Note

Download this example as a Jupyter notebook here: pypsa/atlite

Historic comparison PV and wind#

In this example we are examining the power feed-ins calculated by atlite. Based on data for capacity distributions and weather during the year 2013 in Germany, we try to match historical statistics.

[1]:
import atlite
import xarray as xr
import pandas as pd
import scipy.sparse as sp
import numpy as np

import pgeocode
from collections import OrderedDict
[2]:
import matplotlib.pyplot as plt

%matplotlib inline

import seaborn as sns

sns.set_style("whitegrid")

Download Necessary Data Files#

  1. We need to download the locations of all the PV installations in Germany to later tell atlite where to setup the PV panels and with which capacity. This information is available in Germany (thanks to the EEG feed-in-tariffs in the so-called “Anlagenregister”).

  2. We also download a reference time-series to compare our results against later. We retrieve the data from https://open-power-system-data.org which in return gets it from ENTSO-E.
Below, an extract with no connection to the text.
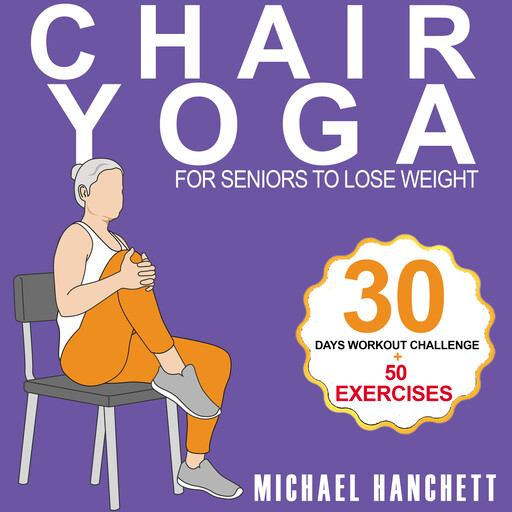 Chair Yoga Weight Loss for Seniors, Michael Hanchett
  3. Finally we also download a cutout of weather data from the ERA5 dataset containing Germany and the year we want to examine (2012).

[3]:
import requests
import os
import zipfile


def download_file(url, local_filename):
    # variant of http://stackoverflow.com/a/16696317
    if not os.path.exists(local_filename):
        r = requests.get(url, stream=True)
        with open(local_filename, "wb") as f:
            for chunk in r.iter_content(chunk_size=1024):
                if chunk:
                    f.write(chunk)
    return local_filename

Reference time-series#

The reference is downloaded from Open Power System Data (OPSD) and contains data reported by the TSOs and DSOs.

[4]:
opsd_fn = download_file(
    "https://data.open-power-system-data.org/index.php?package=time_series&version=2019-06-05&action=customDownload&resource=3&filter%5B_contentfilter_cet_cest_timestamp%5D%5Bfrom%5D=2012-01-01&filter%5B_contentfilter_cet_cest_timestamp%5D%5Bto%5D=2013-05-01&filter%5BRegion%5D%5B%5D=DE&filter%5BVariable%5D%5B%5D=solar_generation_actual&filter%5BVariable%5D%5B%5D=wind_generation_actual&downloadCSV=Download+CSV",
    "time_series_60min_singleindex_filtered.csv",
)
[5]:
opsd = pd.read_csv(opsd_fn, parse_dates=True, index_col=0)

# we later use the (in current version) timezone unaware datetime64
# to work together with this format, we have to remove the timezone
# timezone information. We are working with UTC everywhere.

opsd.index = opsd.index.tz_convert(None)

# We are only interested in the 2012 data
opsd = opsd[("2011" < opsd.index) & (opsd.index < "2013")]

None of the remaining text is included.